Until recently, the country’s budget was recorded by longhand in a grey, clothbound ledger by an old friend of Saud’s father. Now there is a published annual budget, and last year Saud established a national economic planning board, with a former officer of the World Bank acting as adviser. But the adviser’s plan for a $10 million survey of northern territories is snared in a maze of royal bureaucratic procedure; out of $70 million earmarked for development, $50 million is unspent.
By contrast, the royal family had no trouble disposing of its personal allotment of $60 million yearly—not counting bonuses, gifts and bribes from foreign businessmen.
Obedience & Opposition. King Saud’s greatest progress has to do with education. In a population that may range from 3,000,000 to 10,000,000 (no one is sure because there has never been a census), about 150,000 are now students; new schools are going up at the rate of 100 a year.
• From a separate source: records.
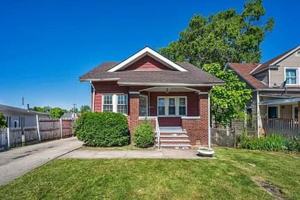featured image of 3338 E 119th St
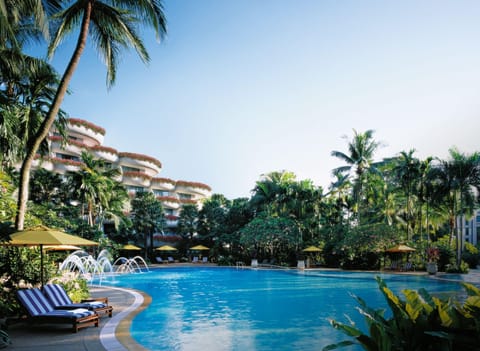 Outdoor pool, sun loungers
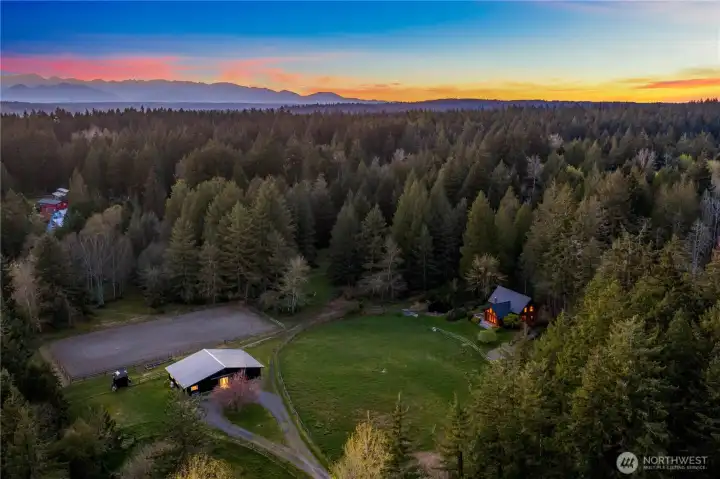 Surrounded by parkland, enjoy privacy mid island.  Best of all worlds!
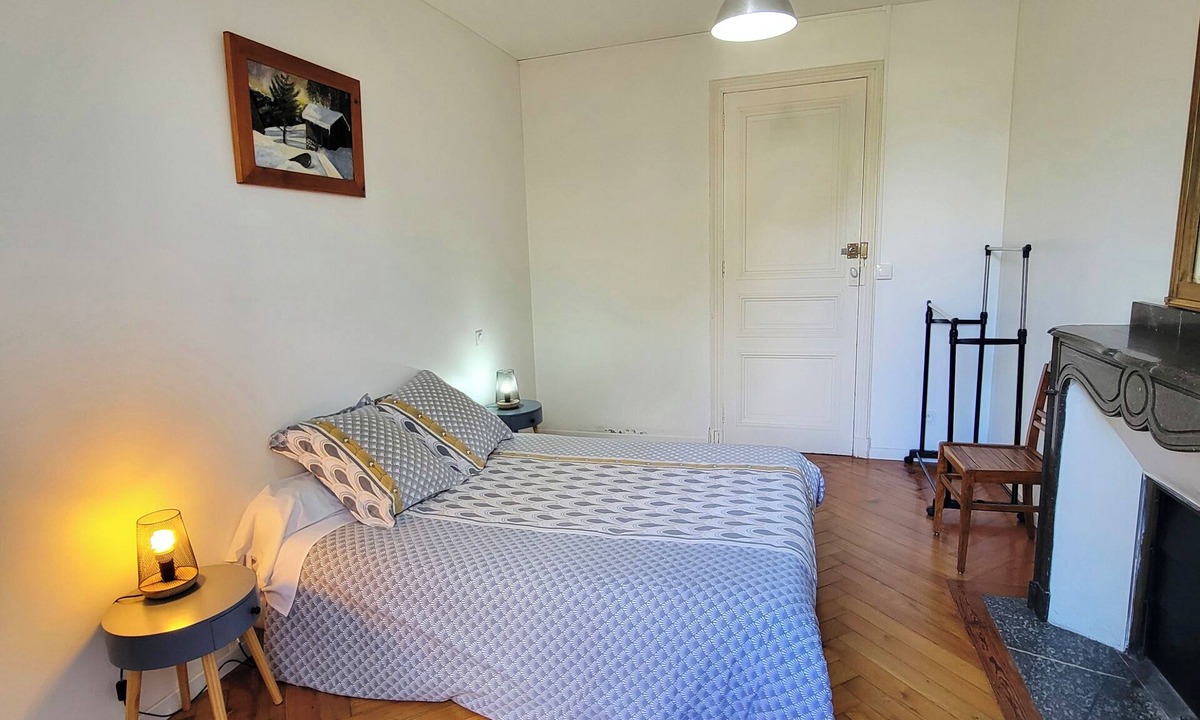 Bagneres-de-Luchon Villa | Vallée du Lys de la Villa Ilixon, spacious apartment, wifi, parking, pool table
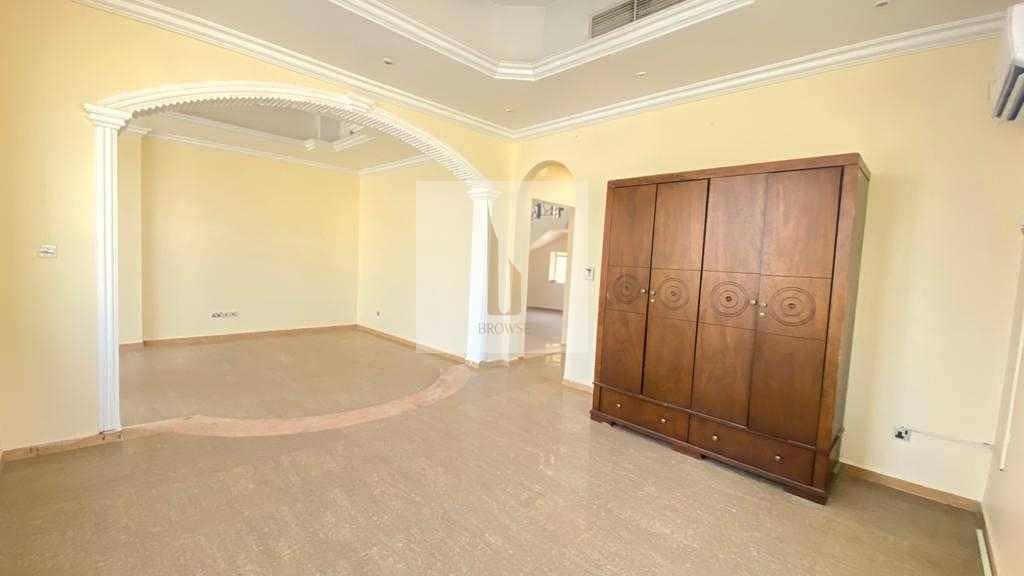 13 FURNISHED 5BR+MAJLIS DEWA INCLUDED BIG YARD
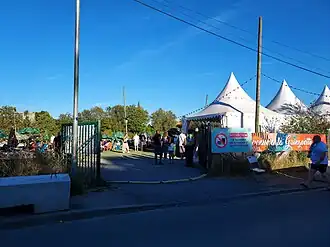 Une guinguette éphémère —&nbsp;la guinguette Marquette&nbsp;— à Saint-André-lez-Lille (2022).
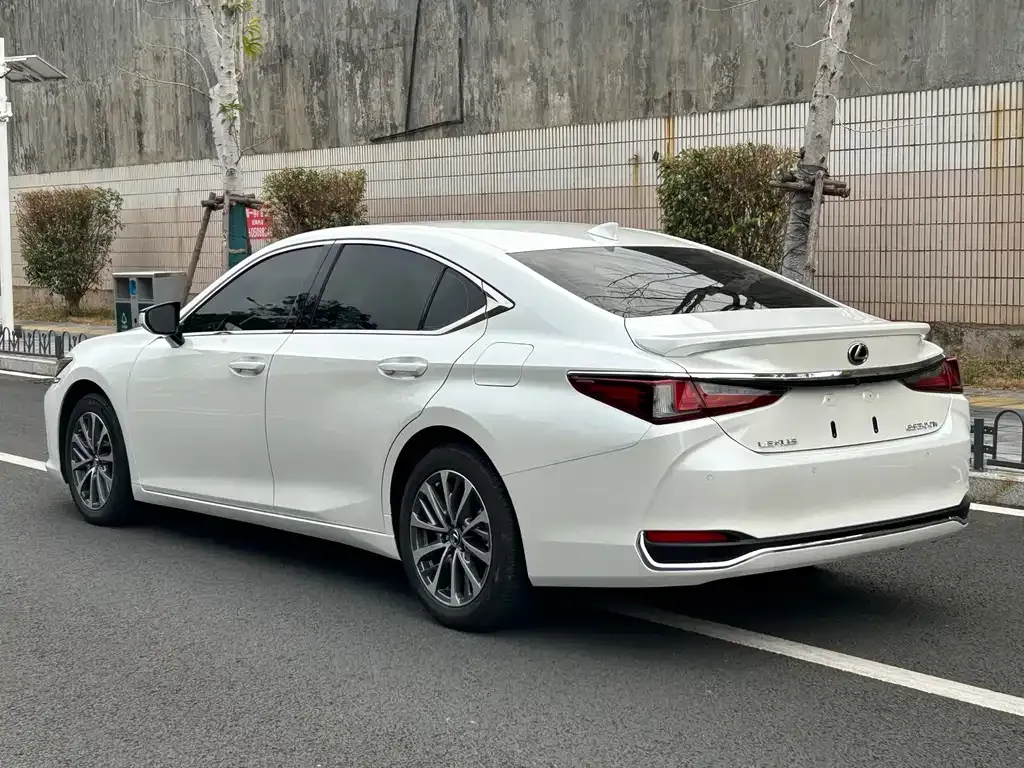 Lexus ES 2024 из CN, фото 5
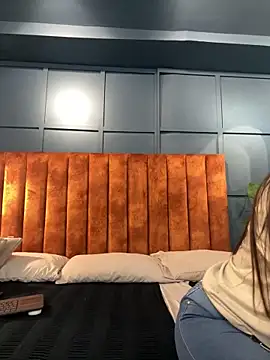 Tayler Kim online show from February 25, 6:39 pm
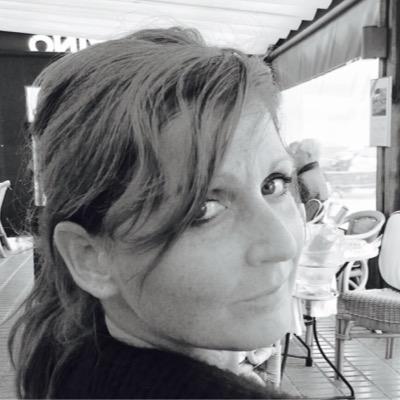 KimKivaru's profile picture. 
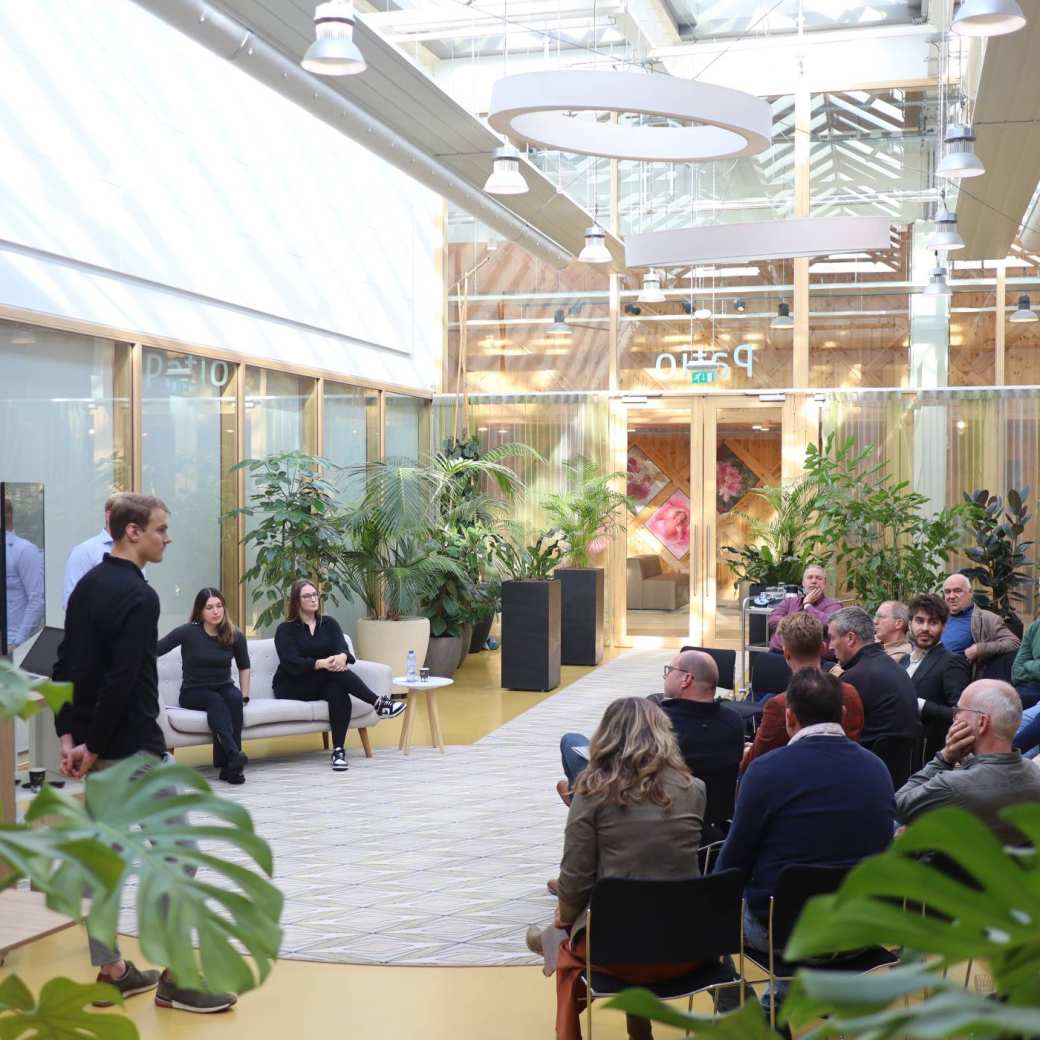 Studenten presenteren hun bevindingen van hun onderzoek bij de gemeente Zevenaar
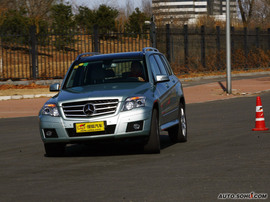2008款奔驰GLK300试驾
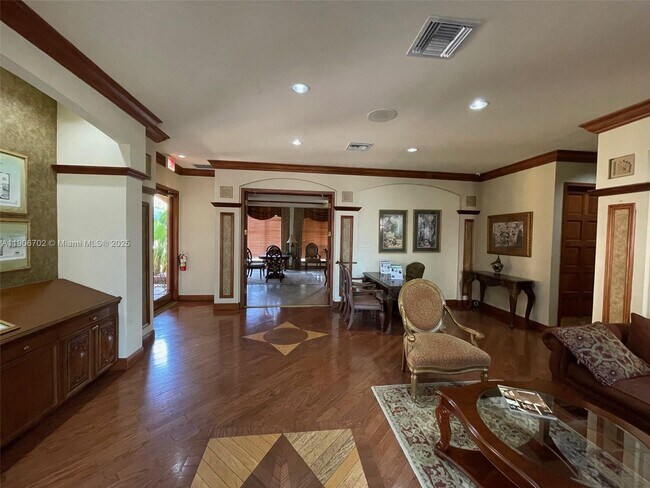 Building Photo - 4856 N State Rd 7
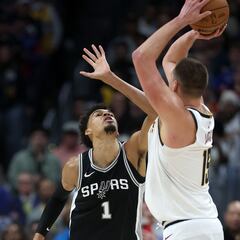 This is the record of blocks by a player in a single NBA game: Will Wemby beat it?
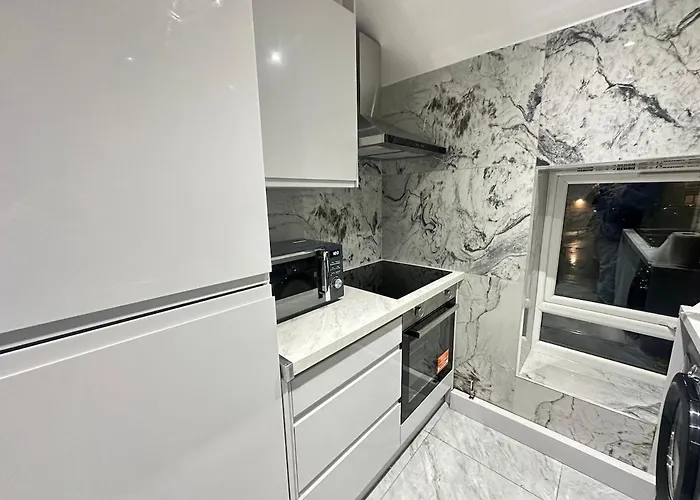 Apartament 2 Bedroom - Near Coop Live & Etihad Stadium *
Poor families are paid about $20 a month for each child in class.
Over the strenuous objections of the mullahs (religious leaders), the government has established eight schools for girls. This revolutionary change was instituted partly at the behest of wealthy fathers, whose daughters remained ignorant and single while young, educated Saudis were marrying Turkish and Egyptian girls. Now Saudi Arabia’s young ladies learn, among other things, the Koran, penmanship, “obedience to your father and husband,” arithmetic. Geometry is out; so are history and geography because, according to common religious belief, “the world is flat and immovable.” At prayertime, members of a special morals police still form flying wedges along the streets of Riyadh, the capital, flaying Moslems who are not in the mosques.
Saud’s modest reforms have sharply divided the King’s closest advisers. The mullahs, whose support he needs, are opposed to anything except the status quo.
Crown Prince Feisal, an aristocratic ascetic who, several years ago, rescued Saud from bankruptcy through elementary fiscal reforms, favors change, but demands strong royal rule. Another brother, Prince Talal, who served as Finance Minister from 1960 to 1961, advocates nothing less than a constitutional monarchy.
Caught in the three-way struggle is King Saud, 60, whose dilemma was likened by a sympathetic Saudi Arabian official to that of a man who has swallowed a razor: “He can neither push it nor pull it out.”